A projection done by Navigate Research, which does data modeling for professional sports leagues and college conferences, for The Athletic last year had the annual distribution gap between the SEC and Big 12 at about $16 million per team per year in the SEC’S favor by 2026.
That was under the assumption the Big 12 would still have Texas and Oklahoma. The Big 12’s next TV deal will pay substantially less without its flagship schools than the $574 million in 2026 Navigate was projecting.
CFP expansion: SEC Commissioner Greg Sankey was part of a four-person group, along with Big 12 Commissioner Bob Bowlsby, that worked on College Football Playoff expansion for about two years.
The plan calls for a 12-team field. There are steps to go before formal approval, but implementation could come as soon as 2023. Those with a background in college sports believe it was no coincidence that Sankey was working on both CFP and SEC expansion.
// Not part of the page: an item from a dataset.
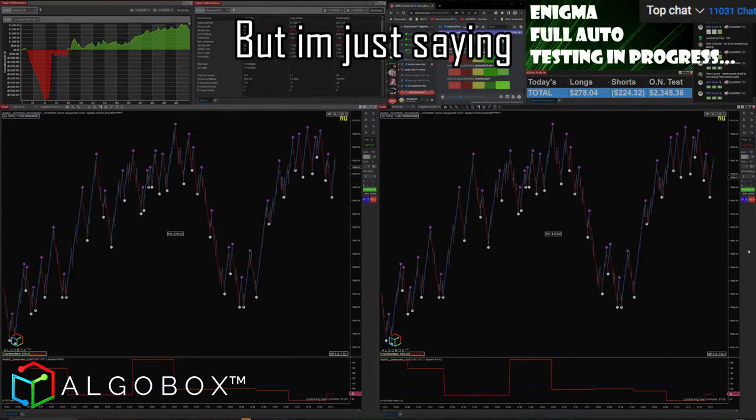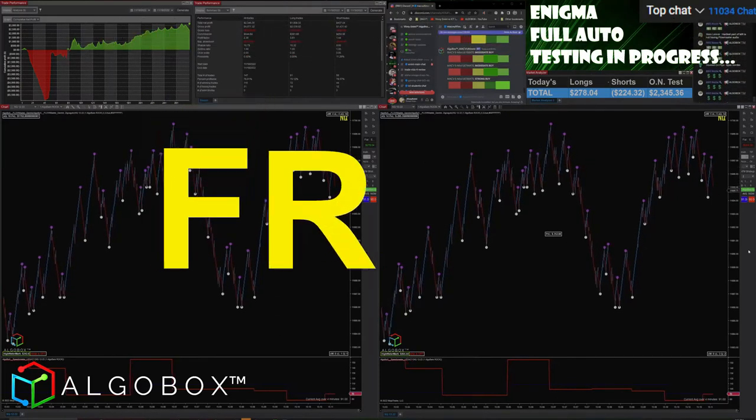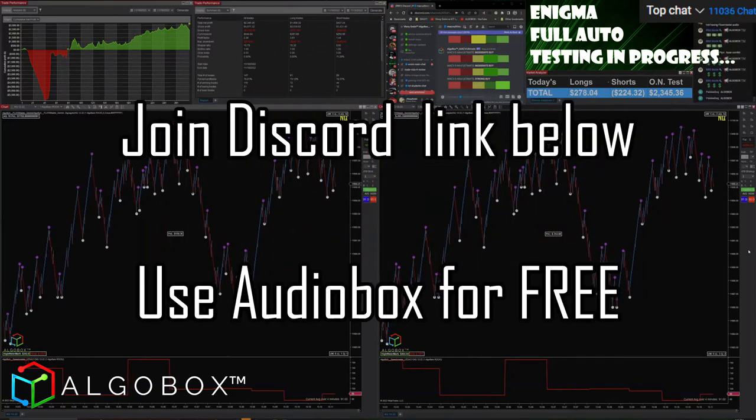I don't know how they do theirs, honestly, but I'm just saying — we've got proprietary filter methods on it, and ours is free! TickStrike charges you — I don't know, they've been various prices over time.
“People have tried to say, ‘Why now?”’ former Western Athletic Conference and Sun Belt Commissioner Karl Benson said. “If there’s a different structure and if the SEC going to 16 teams is going to create a different structure among its peer conferences, you need to do it before the next CFP expansion.”
The current CFP expansion proposal calls for the six top-ranked conference champions to make the 12-team field, along with six at-large picks by the selection committee.
The SEC is about to add the only Big 12 school to make the playoff and the only other Big 12 school to win a national championship since the conference was formed in 1994. Texas and OU will have a more treacherous path to the CFP in the SEC, but more roads are opening up.